- Records supplied -

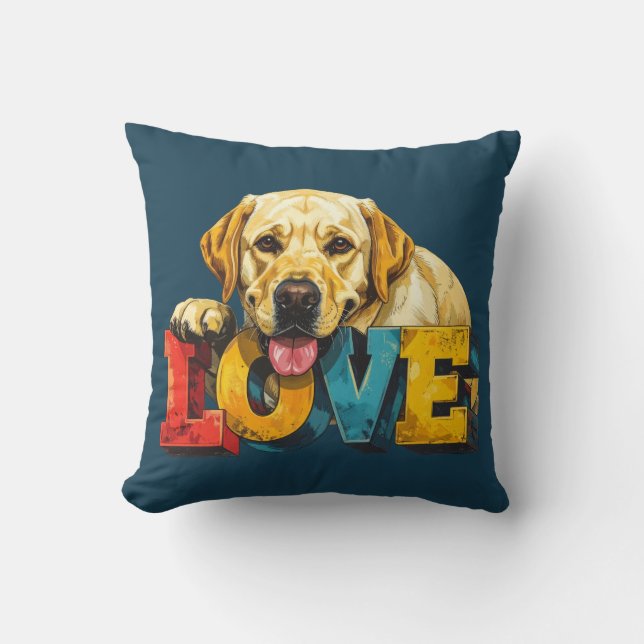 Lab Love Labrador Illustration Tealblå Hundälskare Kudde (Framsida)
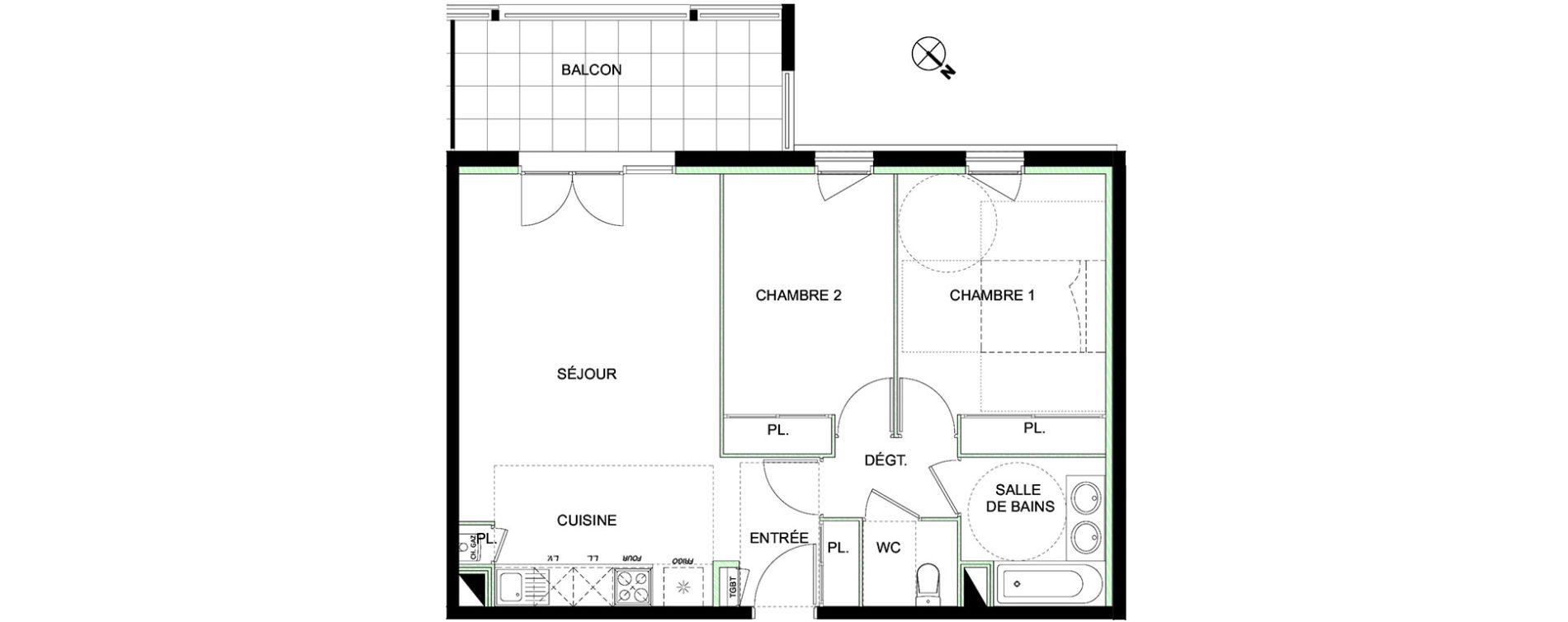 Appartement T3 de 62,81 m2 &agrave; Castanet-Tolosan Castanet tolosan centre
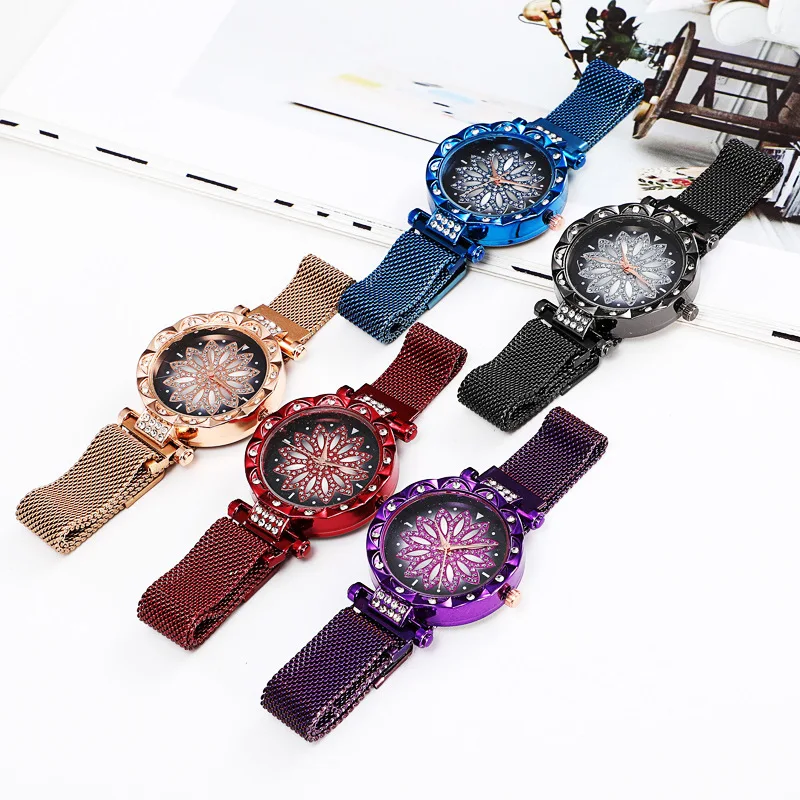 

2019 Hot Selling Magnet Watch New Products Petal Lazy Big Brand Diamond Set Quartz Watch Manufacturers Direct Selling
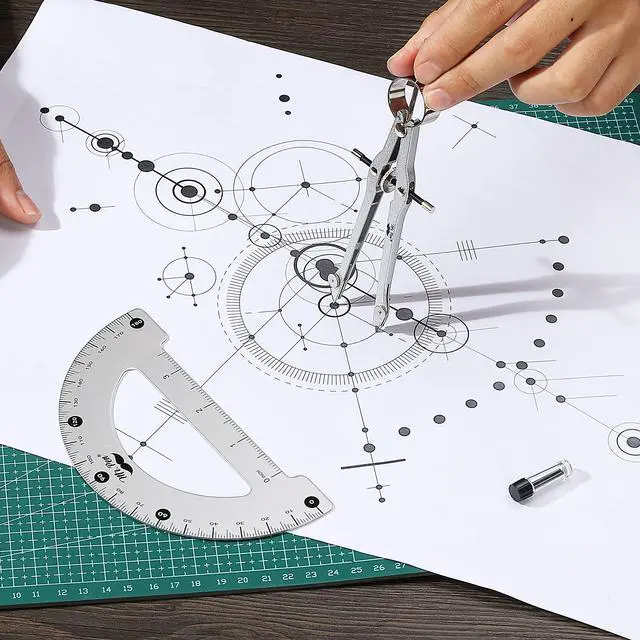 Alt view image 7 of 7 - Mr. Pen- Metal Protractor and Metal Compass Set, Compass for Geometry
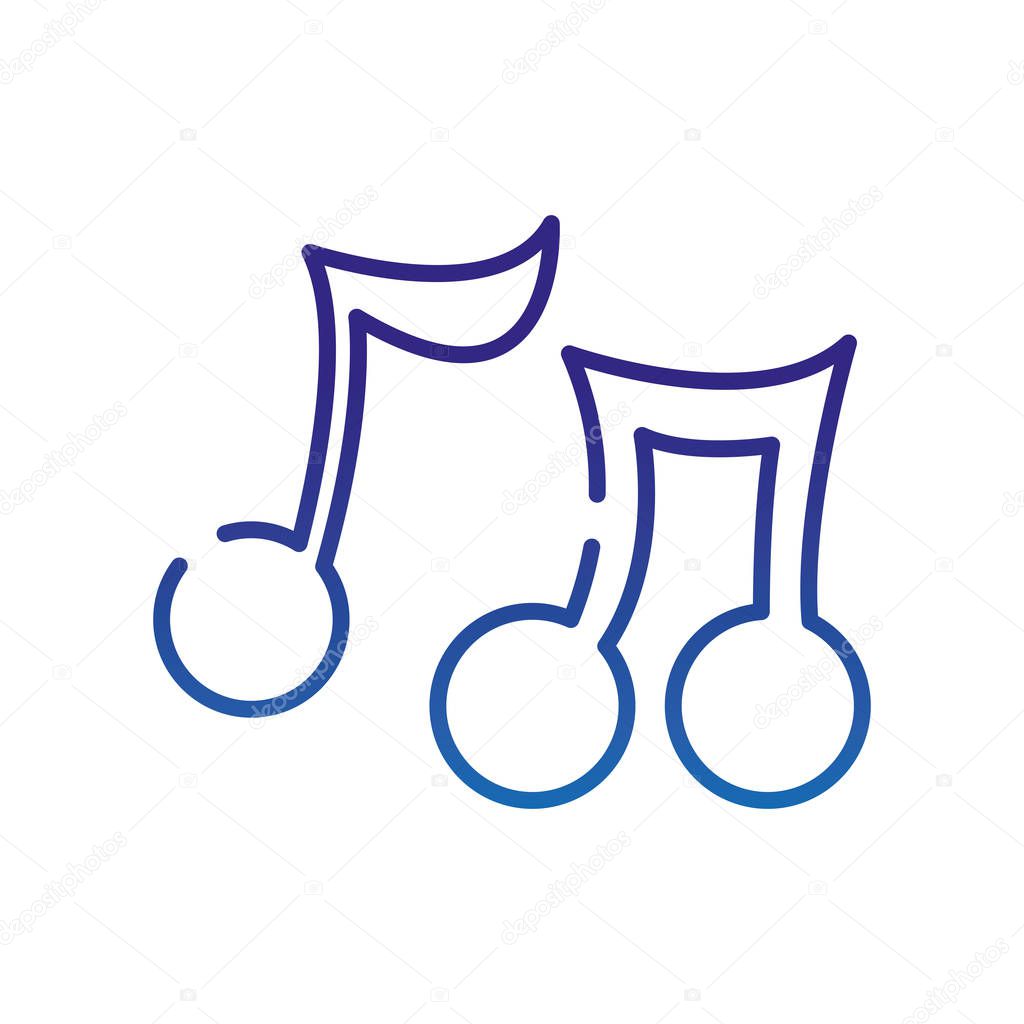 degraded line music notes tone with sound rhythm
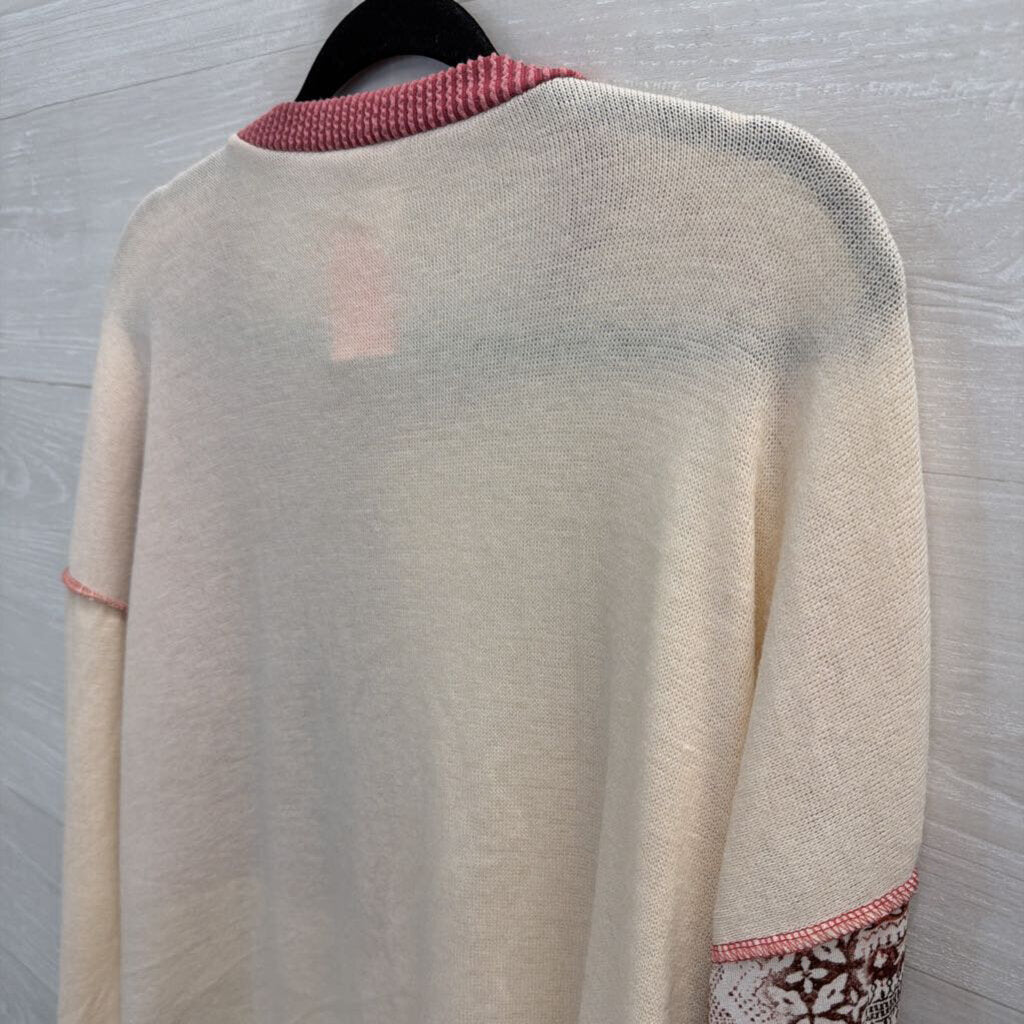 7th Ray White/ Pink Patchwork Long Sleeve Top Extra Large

- Work request -
Reproduce, with no pictures, the lines from the one containing "degraded line music" to the end of the records above, exactly and inclusively.

- Response for this exercise -
 degraded line music notes tone with sound rhythm
 7th Ray White/ Pink Patchwork Long Sleeve Top Extra Large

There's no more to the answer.